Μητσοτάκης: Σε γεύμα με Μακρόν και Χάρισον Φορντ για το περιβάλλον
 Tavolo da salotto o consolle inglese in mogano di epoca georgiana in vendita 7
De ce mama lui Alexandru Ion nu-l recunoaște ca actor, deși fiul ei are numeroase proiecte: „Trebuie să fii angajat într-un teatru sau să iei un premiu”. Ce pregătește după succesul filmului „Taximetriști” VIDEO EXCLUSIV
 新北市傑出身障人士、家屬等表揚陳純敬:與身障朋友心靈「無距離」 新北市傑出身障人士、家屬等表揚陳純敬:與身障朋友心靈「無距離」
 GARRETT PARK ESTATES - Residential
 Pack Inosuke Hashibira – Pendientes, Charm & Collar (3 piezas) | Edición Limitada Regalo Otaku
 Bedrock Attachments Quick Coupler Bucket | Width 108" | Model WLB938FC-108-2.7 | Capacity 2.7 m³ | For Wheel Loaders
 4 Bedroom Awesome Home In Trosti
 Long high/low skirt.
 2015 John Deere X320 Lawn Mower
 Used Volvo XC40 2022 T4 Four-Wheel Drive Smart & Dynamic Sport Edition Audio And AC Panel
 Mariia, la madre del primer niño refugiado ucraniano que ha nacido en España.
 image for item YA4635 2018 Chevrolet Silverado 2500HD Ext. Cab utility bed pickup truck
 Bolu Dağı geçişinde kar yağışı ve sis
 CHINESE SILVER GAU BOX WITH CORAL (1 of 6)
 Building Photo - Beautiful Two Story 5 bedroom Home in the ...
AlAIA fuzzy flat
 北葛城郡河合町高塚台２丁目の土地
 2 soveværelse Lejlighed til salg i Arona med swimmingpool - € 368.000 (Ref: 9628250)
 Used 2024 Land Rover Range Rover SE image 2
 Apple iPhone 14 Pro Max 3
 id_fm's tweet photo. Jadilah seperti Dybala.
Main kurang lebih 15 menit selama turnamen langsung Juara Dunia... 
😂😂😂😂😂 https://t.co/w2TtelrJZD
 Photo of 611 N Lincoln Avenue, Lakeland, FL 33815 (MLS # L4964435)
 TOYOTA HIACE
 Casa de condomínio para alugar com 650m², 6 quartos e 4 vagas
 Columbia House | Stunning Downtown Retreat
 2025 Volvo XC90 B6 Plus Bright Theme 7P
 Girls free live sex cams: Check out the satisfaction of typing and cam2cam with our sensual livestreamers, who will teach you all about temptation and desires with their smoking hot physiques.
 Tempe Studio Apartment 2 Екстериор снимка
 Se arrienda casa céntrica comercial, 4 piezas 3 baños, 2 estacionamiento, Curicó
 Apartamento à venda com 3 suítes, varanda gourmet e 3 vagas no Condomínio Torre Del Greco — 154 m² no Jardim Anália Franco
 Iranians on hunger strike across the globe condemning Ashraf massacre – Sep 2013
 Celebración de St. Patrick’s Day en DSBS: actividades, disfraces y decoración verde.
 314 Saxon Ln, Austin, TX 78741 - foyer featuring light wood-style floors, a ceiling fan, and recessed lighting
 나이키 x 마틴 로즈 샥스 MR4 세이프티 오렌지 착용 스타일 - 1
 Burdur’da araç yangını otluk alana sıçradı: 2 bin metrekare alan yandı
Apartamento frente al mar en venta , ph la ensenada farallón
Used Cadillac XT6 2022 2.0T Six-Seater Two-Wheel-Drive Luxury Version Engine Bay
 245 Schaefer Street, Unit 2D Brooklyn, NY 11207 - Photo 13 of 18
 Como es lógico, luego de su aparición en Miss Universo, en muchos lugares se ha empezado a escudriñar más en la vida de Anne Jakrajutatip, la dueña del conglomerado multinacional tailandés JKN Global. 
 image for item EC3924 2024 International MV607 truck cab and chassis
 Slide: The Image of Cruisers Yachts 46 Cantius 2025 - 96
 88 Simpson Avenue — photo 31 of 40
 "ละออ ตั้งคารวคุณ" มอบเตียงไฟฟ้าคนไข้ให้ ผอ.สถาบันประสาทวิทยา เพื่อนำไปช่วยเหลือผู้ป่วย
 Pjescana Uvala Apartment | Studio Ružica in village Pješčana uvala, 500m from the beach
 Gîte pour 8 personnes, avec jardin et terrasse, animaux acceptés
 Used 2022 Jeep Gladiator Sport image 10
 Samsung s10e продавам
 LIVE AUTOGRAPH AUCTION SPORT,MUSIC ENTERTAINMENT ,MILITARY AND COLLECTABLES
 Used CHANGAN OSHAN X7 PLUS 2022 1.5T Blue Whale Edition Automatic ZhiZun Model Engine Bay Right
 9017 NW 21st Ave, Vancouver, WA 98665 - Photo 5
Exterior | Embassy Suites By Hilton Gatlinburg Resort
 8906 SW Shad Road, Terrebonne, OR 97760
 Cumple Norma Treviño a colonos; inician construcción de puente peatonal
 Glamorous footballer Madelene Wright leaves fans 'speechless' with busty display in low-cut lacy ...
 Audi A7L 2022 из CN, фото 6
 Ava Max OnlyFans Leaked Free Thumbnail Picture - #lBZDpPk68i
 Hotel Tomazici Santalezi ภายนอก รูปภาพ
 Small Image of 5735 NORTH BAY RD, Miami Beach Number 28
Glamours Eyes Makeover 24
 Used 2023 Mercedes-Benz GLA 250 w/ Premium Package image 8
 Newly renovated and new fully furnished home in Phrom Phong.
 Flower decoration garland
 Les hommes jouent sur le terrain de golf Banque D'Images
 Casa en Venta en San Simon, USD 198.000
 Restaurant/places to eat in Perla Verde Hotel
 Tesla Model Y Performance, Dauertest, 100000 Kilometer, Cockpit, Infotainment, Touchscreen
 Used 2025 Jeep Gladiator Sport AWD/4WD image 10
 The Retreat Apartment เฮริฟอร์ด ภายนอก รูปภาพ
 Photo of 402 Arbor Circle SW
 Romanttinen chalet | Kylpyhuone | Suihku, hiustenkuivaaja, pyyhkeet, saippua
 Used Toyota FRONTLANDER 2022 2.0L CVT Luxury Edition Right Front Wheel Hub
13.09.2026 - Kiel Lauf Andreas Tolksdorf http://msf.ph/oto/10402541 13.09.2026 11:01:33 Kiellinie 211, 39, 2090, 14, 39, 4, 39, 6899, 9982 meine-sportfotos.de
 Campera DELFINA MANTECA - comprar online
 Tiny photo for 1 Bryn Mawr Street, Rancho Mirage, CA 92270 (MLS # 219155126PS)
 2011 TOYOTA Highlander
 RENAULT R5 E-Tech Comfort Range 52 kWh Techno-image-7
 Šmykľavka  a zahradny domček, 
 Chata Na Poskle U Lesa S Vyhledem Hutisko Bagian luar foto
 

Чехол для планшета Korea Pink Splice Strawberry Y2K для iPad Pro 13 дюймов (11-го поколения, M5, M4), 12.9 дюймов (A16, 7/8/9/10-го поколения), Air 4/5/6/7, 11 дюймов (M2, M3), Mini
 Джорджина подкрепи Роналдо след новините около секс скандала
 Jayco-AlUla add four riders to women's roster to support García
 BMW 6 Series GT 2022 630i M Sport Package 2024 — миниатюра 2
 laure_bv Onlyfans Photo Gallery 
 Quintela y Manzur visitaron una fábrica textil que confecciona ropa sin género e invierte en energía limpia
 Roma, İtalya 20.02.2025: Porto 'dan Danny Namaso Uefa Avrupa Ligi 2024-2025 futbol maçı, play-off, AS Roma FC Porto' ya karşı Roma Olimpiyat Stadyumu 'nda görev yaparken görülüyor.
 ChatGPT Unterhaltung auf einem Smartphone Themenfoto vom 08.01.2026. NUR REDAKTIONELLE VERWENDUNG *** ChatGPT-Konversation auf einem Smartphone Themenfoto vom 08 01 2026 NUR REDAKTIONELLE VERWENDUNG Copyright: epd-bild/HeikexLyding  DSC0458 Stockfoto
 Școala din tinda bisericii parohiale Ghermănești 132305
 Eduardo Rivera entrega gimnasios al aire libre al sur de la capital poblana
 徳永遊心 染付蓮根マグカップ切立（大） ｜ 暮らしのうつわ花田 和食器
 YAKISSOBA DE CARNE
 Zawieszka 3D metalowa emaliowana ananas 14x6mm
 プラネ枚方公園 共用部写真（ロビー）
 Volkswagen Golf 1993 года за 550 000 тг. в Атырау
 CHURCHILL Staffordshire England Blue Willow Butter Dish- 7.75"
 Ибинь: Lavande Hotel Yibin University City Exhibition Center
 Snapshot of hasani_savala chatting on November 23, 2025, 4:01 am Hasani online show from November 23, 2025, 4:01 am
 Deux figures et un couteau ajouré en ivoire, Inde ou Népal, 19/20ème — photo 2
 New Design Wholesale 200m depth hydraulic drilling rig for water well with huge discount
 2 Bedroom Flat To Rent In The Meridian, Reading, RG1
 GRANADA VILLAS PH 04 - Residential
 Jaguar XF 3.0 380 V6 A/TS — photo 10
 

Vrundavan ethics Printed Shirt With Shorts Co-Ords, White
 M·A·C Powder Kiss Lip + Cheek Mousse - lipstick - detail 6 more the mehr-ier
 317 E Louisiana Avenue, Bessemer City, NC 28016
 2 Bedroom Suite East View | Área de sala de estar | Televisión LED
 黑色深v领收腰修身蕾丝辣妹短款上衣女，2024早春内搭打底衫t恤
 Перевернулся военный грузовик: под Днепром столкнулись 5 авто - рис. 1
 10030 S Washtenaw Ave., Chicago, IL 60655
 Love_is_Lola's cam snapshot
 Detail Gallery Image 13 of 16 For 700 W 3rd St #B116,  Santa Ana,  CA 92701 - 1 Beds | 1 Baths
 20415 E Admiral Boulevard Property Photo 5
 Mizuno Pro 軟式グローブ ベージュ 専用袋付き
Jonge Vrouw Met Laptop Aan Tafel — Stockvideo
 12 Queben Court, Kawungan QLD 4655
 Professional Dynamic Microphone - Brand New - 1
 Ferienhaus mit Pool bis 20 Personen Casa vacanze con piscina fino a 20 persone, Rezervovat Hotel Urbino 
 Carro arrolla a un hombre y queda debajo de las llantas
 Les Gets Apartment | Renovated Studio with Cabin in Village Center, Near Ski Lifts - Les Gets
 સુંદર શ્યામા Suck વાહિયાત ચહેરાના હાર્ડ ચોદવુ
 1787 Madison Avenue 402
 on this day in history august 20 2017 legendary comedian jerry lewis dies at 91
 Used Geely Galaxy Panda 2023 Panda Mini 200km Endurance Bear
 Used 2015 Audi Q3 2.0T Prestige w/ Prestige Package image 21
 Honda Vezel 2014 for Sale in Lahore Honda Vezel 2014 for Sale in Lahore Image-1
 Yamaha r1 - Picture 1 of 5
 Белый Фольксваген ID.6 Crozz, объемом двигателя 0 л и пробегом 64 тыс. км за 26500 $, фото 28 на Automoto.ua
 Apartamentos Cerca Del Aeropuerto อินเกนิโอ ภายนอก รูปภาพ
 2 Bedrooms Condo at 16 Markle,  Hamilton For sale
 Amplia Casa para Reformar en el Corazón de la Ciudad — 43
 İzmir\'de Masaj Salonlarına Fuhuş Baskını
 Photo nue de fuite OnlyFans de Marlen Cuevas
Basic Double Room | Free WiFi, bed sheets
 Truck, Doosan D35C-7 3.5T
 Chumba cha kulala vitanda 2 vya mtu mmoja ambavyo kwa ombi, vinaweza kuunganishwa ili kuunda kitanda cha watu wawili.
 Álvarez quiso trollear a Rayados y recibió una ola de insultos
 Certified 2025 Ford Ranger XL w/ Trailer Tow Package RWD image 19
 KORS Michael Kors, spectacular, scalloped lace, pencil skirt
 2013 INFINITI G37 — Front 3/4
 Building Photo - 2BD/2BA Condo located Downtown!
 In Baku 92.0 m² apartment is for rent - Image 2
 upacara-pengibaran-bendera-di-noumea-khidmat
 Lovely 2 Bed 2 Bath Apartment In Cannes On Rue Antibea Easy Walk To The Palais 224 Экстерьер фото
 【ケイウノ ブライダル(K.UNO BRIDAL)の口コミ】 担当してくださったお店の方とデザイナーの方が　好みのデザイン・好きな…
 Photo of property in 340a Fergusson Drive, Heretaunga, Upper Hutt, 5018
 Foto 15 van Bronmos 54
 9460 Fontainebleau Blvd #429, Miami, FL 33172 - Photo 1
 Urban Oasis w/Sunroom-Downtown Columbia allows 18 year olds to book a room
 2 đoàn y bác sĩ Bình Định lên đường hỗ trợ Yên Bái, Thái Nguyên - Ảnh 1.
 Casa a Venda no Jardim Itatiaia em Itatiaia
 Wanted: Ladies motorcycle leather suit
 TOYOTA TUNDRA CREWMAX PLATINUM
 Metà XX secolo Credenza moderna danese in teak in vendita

◇ ◇ ◇

Required action: Within the material above, the line with "Casa en Venta en San Simon, USD 198.000" opens the range and the line with "The Retreat Apartment" closes it; reproduce that range word for word.

Completed exercise:
 Casa en Venta en San Simon, USD 198.000
 Restaurant/places to eat in Perla Verde Hotel
 Tesla Model Y Performance, Dauertest, 100000 Kilometer, Cockpit, Infotainment, Touchscreen
 Used 2025 Jeep Gladiator Sport AWD/4WD image 10
 The Retreat Apartment เฮริฟอร์ด ภายนอก รูปภาพ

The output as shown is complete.